After the repercussion of the case, the coordinator of the NGO Health and Joy Project, Caetano Scannavino, also denounced the change in color of the Tapajós river. On social networks, the activist highlighted that he has been working for answers about the change in the river’s hue.
“Working here together with Dr. @erikjenningssimoes and other colleagues in the battle for a living and clean Tapajós, adding efforts for answers to these changes in the coloration of the once crystal green waters of this blessed river. What we are doing with it is worrying”, Scannavino commented.
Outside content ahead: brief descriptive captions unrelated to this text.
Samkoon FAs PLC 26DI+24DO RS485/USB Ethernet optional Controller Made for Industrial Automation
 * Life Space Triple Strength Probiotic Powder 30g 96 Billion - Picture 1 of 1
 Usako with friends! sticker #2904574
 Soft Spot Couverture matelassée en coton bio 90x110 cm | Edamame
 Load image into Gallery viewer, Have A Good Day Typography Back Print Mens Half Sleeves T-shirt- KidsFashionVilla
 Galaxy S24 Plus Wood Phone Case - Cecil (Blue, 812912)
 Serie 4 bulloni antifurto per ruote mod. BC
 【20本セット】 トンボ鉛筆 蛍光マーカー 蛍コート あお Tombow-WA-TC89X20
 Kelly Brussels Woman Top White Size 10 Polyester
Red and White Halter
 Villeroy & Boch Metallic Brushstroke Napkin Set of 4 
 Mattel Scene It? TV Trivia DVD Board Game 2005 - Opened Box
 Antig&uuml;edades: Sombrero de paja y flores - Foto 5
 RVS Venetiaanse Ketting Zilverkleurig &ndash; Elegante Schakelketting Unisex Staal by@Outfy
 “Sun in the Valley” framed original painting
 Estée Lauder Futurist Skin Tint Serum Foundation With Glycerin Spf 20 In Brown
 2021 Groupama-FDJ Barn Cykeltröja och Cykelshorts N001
In the publication, Scannavino also highlighted a flight he made last August in Itaituba and Miritituba, in Pará, which caught the rivers in the region covered by a green colored mud. The region is the port zone for grain shipping, and is in an area close to mines, which dump up to 7 million tons of sediment annually, according to reports by the Federal Police.
“Just like the illegal mines, this milky sludge keeps increasing. And the algae that green the waters also, multiplying with the excessive accumulation of organic matter (eutrophication). There are natural occurrences, but they have also been growing due to human action (nutrients in sewage, from agriculture, use of fertilizers, removal of natural cover, inadequate soil management, transport of cyanobacteria in ballast water from ships…). It would be worth deepening the research, to know if there is also a relationship between cyanobacteria and grain dust that spreads in the waters among the many loads of soybeans in the transshipment stations, or what is the reason for this above-average proliferation, consequences, impacts”, wrote Scannavino.
Presence of toxins
In 2020, a study by Dávia Talgatti, PhD in biological sciences, from the Federal University of Western Pará (Ufopa), identified the presence of toxins, in relevant quantities, already in the Alter do Chão area. In addition, residents and tourism agencies have been noticing the change in color of the river and demanding that the authorities take measures to analyze the water and identify the problem.
Last Wednesday, 19, technicians from the Secretariat of Environment and Sustainability of Pará (Semas) arrived in the municipality of Santarém to assess the water conditions. Coordinated by the Pará State Secretary for Environment and Sustainability, Mauro O’ de Almeida, the group is carrying out tests to measure the physical parameters to check the turbidity of the water in the Tapajós river. The results of the research have not yet been released.